The defence industry has received a major shot in the arm ever since Prime Minister Modi assumed power. The doing away of the bureaucratic red tape and the promotion of indigenous defence production under ‘Make in India’ is delivering rich rewards for the Indian military. The Indian Air Force has been severely deprived of modern fighter jets as the UPA government continued to ignore the IAF’s requests to upgrade its fleet of jets as the government’s sole focus was to loot public money from wherever possible.
Come 2019, India is slated to receive the first batch of Rafale fighter jets in May next year which will give India a huge strategic advantage and prepare itself for a two-front war which is a real possibility keeping in mind the antics of China and Pakistan. The Indian government has ordered 36 Raffles from the French company Dassault and will be customised to suit India’s needs. The government has also invited bids for 114 new medium multi-role combat aircraft (MMRCA) which has seen the major players in the aviation industry woo the Indian government with the likes of Saab, Lockheed Martin, Boeing and Dassault all aiming to win the contract and also manufacture the fighter jets under the ‘Make in India’ programme which will certainly lead to creation of thousands of jobs.
The Indian government has systematically improved the ease of doing business in the defence industry and has taken many steps to alter the status quo as the government introduced a new defence procurement policy (DPP) which was effective from 2016 and increased the Foreign Direct Investment in defence. As soon as the Modi government was sworn in, the FDI in the defence industry was increased to 49% from 26%. However, the FDI in 2015-16 was just about INR 56 lakhs thereby forcing the government to act allowing FDI up to 100% in some cases where the country would witness the latest technology transfer. Under the brand new DDP, a product will be required to have at least 40% indigenous content if it is designed in India or at least 60% indigenous content if the design is not indigenous, making it the most preferred category. India had the ignominy of having Defence Ministers like Mulayam Singh Yadav in the past who are best known for their caste-based politics and their only ideology is corruption. In an attempt to not let the day to day dealings of the Army to lie on the whims of a minister, Department of Industrial Policy and Promotion (DIPP) is constituted to exclusively issue licenses making it the final authority to issue licenses and not the Defence Minister.
Since the launch of Make in India, the government has allowed 56 manufacturing permits to private entities compared to 47 which were awarded in the preceding three years. This led to a direct decrease in the cost of defence procurement. The cost of defence procurement in 2014-15 stood at Rs.49,531 crore, down 9.96% from Rs.55,014 crore during 2013-14.

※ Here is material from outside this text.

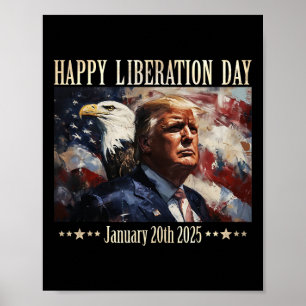 Poster Vêtements de jour de libération heureux Président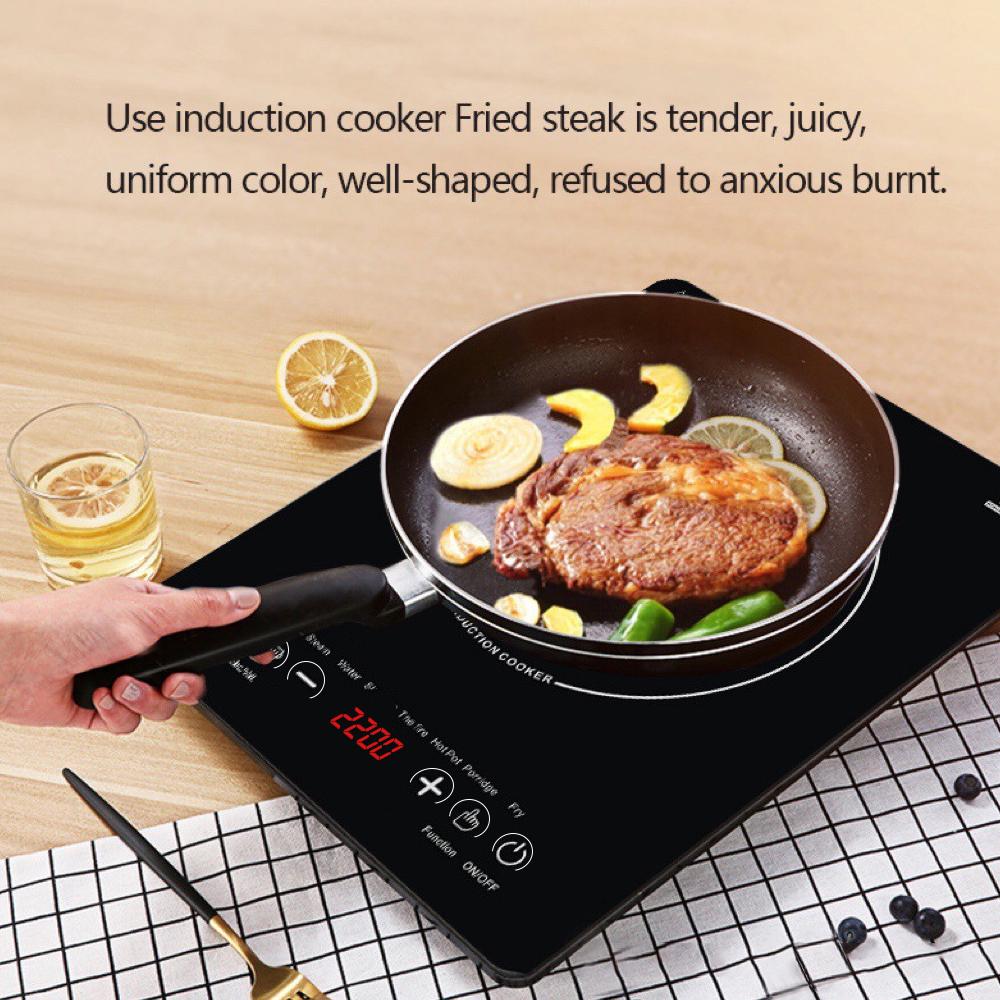Induction Cooker Home Smart Kitchen Appliances 2200W High Power Intelligent Touch Screen Panel Portable Kitchen Range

Additionally, the government has liberalized its licensing policy for the Indian manufacturers and also the initial validity of an industrial license has been increased from three years to 15 years with a provision to further extend it by three years on a case-by-case basis. The introduction of these reforms and policies has resulted in the growing market capitalization of some of the Indian defence companies that have grown at a staggering outperforming Compound Annual Growth Rate (CAGR) of 34% outperforming even Nifty (=9.4%) during that period. The biggest gainer being Zen technologies which recorded a profit of 330.22% after tax and saw a market capitalization of 73.04%. On an average from 2014-17, defence companies listed in India showed a profit of 29.73% after tax and a market capitalization of 34.13%.
The slew of reforms initiated by the Modi government has made India an extremely attractive market as the major defence players queue up to win the contract to supply fighter jets to India. While Dassault Aviation was successful in piping its competitors to land the contract to supply Rafales to India, the likes of Saab and Lockheed Martin are also trying to woo the government.
Saab wants to offer its Gripen to India at half of Rafale cost, with full tech transfer and local production which must be music to government’s ears. However, India has conveyed its displeasure to Saab as the latter also provided the early warning aircraft system to Pakistan and doesn’t want to do business with any company which also arms its enemy which has prompted Saab to not sell any new products to Pakistan.
Lockheed Martin in a Joint Venture with Tata Advanced Systems have already set up a plant in Hyderabad where they will produce the wings of the new-age F-16s which will be later exported to the rest of the world and the plant already employs over 1,000 people. The company has also submitted a proposal evincing preliminary interest to supply F-21 fighter jets to the Air Force and winning the bid may result in it working with 400 local companies as the company has already identified 400 odd companies as the aircraft manufacturers depend on a lot of vendors to supply components creating an entire downstream ecosystem.
It is no coincidence that the major players in the defence industry are looking to enter India and willing to lower the costs of their jets and also agree to manufacture in India. The transfer of technology will also help India in building its indigenous fighter jets as the country looks to procure 114 new MMRCA as it aims to beef up its Air Force which would make China and Pakistan think twice before resorting to any misadventure.